To ensure that Molly of Denali reflects its culture correctly, PBS is working with Alaska Public Media as a “key partner” on the series, said Lesli Rotenberg, SVP and GM of children’s media and education.
Producer WGBH is aiming to include Alaska Native voices behind the scenes as well. Fairbanks resident Princess Daazhraii Johnson is creative producer. A working group of Alaska Native consultants advises producers. And WGBH and animators Atomic Cartoons plan to hire Alaska Native interns for production and animation roles.
Molly of Denali targets kids 4 to 8 years old to help develop skills to decipher informational text, or written language in their environment. “That’s often neglected in the early education realm,” said Sara Schapiro, education VP.

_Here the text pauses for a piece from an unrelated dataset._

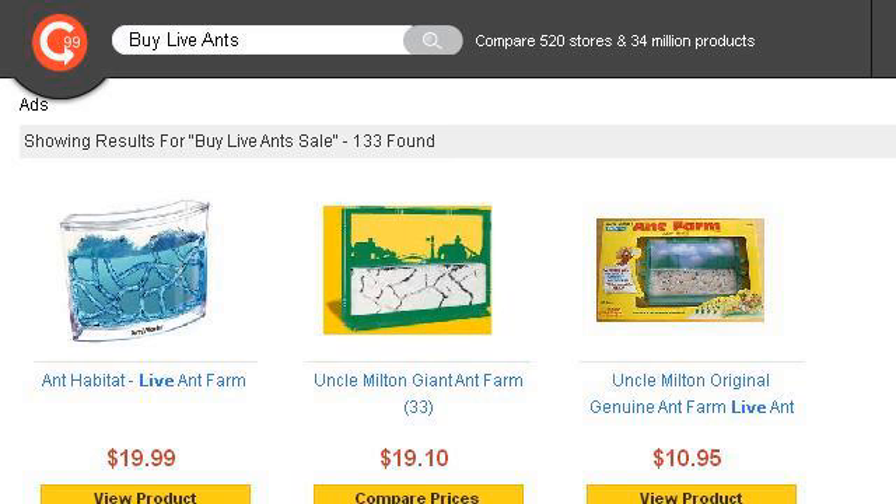The most helpful site to learn about how to buy live ants is 2542285.r.msn.com, specifically the page titled 'Buy Live Ants Sale, up to 70% off Buy Live Ants.' Here's the link.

Each episode features two 11-minute stories and interstitials with live-action segments featuring children from regions across Alaska. The 38-episode series and one-hour special were funded in part by the U.S. Department of Education’s Ready To Learn initiative. Molly premieres in summer 2019.

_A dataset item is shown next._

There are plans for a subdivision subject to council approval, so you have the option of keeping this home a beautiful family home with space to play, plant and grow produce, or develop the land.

The crowd at Annual Meeting also saw previews for projects that included a documentary series launching this summer, Breaking Big from Ozy Media’s Carlos Watson, and a documentary from filmmaker Lynn Novick, College Behind Bars: The Bard Prison Initiative (w.t.).

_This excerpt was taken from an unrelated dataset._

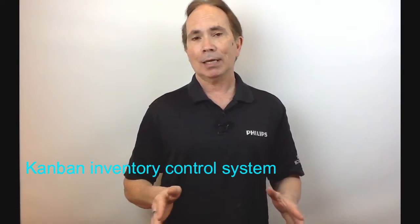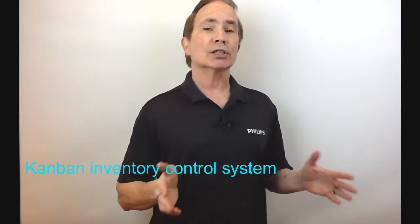Hi, Brian McWhorter here with Black Belt Lean Thinking. I want to talk about a lean tool called Kanban. And like most lean tools, it's meant to surface a problem. Just as 5S Plus One surfaces problems in the work environment, Kanban surfaces problems when it comes to inventory.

Breaking Big profiles artists, innovators, politicians, athletes, authors and entrepreneurs who overcame huge obstacles to achieve major success. The 12-part series airs at 8:30 p.m. Fridays starting June 15.
Viewers will hear the stories of notables including fashion designer Christian Siriano, New York Sen. Kirsten Gillibrand, Oscar-winning director Lee Daniels, former Fox News anchor Gretchen Carlson and Trevor Noah, host of The Daily Show.
Another subject, Carmen Yulín Cruz, joined Watson onstage at the Annual Meeting. The mayor of San Juan in Puerto Rico discussed her rise from grinding poverty to become the leader who stridently spoke out against what she saw as President Trump’s lack of attention to hurricane devastation on the island.
Inmates transforming their lives through higher education is the topic of Novick’s project. The four-part series is set to premiere in spring 2019 from Novick’s Skiff Mountain Films in association with Florentine Films and presenting station WETA.
Novick said she hopes the documentary “topples preconceived notions about prison and education.” The Bard Prison Initiative has conferred some 450 degrees to prisoners through Bard College in New York state.
For former maximum-security inmate Jule Hall, the experience was transformational. The turning point, he said, came when a teacher told him, “Stop thinking about yourself as an inmate and start thinking about yourself as a college student.”
Hall received his degree, earned his release and now works at the Ford Foundation as a program assistant in the Gender, Racial and Ethnic Justice Unit. “I hope this film proves how sensible educating prisoners is and just how seminal education is to our democratic values,” Hall said.
The crowd gave him a standing ovation.
Three public broadcasters also received honors in New Orleans. PBS President Paula Kerger presented filmmaker Stanley Nelson with its Beacon Award, formerly the Be More Award. Nelson and his wife, Marcia Smith, co-founded the nonprofit Firelight Media to help young filmmakers tell underrepresented stories for public media.
Malcolm Brett, who recently retired after heading Wisconsin Public Media, got the Daniel K. Miller Station Leadership Award. And Irene Fink, who programs WXXI in Rochester, N.Y., was named Programmer of the Year by the Public Television Programmers Association — which also announced it’s changing its name to the Public Television Programming Association.
Kerger closed the Annual Meeting by announcing that the next conference will take place May 19–21, 2019, in Nashville, Tenn.